He wanted his funeral to be a party with balloons, cake and music. His gratitude came in the form of the comfort he received in knowing that one day he would die and not be in pain anymore. But his attitude about his reality kept him grounded in the here and now. He spent the year doing what his body allowed him to, but one of the highlights was that he got to meet a race car driver. Almost a year later, John died at 18-years-old and his funeral was just that… a party.
When Pain and Frustration Help You Take On The World
After being laid off from the Kenosha News, I decided that I wanted to write about the mental health system.
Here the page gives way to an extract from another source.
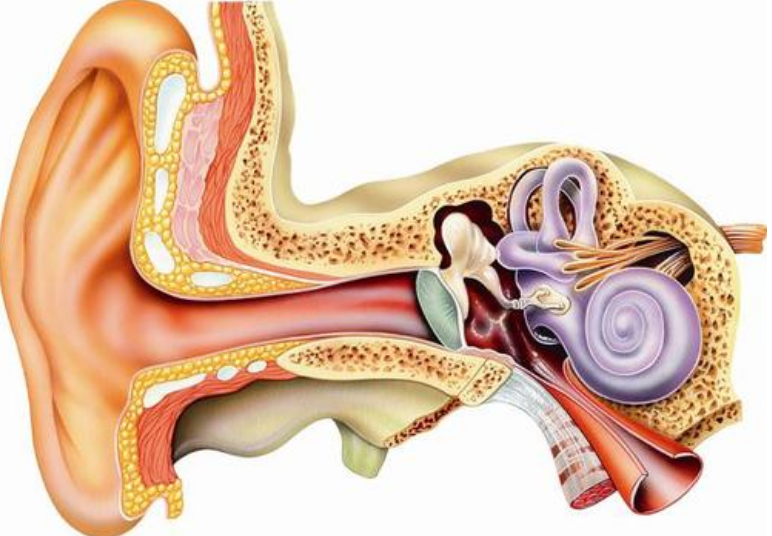 耳朵的结构 快懂百科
So many police reports reflected the shortcomings of our current mental health system and that’s how I met Brenda Wesley when I wrote about her sister Betty Cahn for the Milwaukee Magazine. The story solidified what I had always known about the mental health system in Milwaukee County, woefully inadequate but so many clung to the notion that it was better than nothing. At the time, the Milwaukee County Mental Health Complex received 12,000 people in crisis and 80 percent of them were turned away.
“Because she’s not laid out on the floor overdosing on meds, and she hasn’t hit anyone or threatened to kill someone, they won’t take her to the complex or do an emergency detention,” Brenda told me.
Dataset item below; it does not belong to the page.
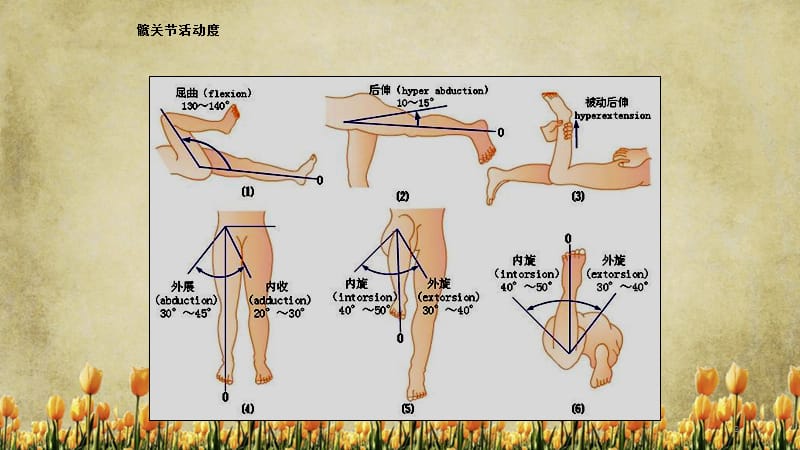 关节活动度记录方法（精选).ppt_第3页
Over the years, Brenda’s frustration with the system in trying to get her sister help eventually yielded to finding the strength and courage to write her own play called “Pieces,” which aims to cut through the stigma around mental illness, and working with a number of police officers on crisis intervention training. These were her contributions to making the system better by helping the community understand what her family went through.
If What Is Before You Doesn’t Serve You, Choose Another Path
So you might wonder what these two stories have anything to do with gratitude. As I’ve gotten older, I’ve learned that true gratitude is about acceptance of what is happening in your life, and realizing some of it may not be in your control. But with acceptance and gratitude you stop fighting what you can’t change and start taking on what you can.
John couldn’t change that he was dying, but he could accept it and plan for it. He could also free his mind up for other things… like meeting a race car driver. For Brenda, she couldn’t save Betty from her mental illness but she could help the system become more empowered in how they treated people with mental illness.
And those are lessons I think we can all learn from. But the truth about being a journalist is that stories change me all the time and that has always been something I am grateful for.